● WHAT TO PRODUCE:
Repeat the listing below exactly as given.

---------- DATA SECTION ----------

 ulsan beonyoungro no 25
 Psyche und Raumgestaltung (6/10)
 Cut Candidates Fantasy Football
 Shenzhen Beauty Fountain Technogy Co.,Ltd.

----------

● RESPONSE TO THIS TASK:
 ulsan beonyoungro no 25
 Psyche und Raumgestaltung (6/10)
 Cut Candidates Fantasy Football
 Shenzhen Beauty Fountain Technogy Co.,Ltd.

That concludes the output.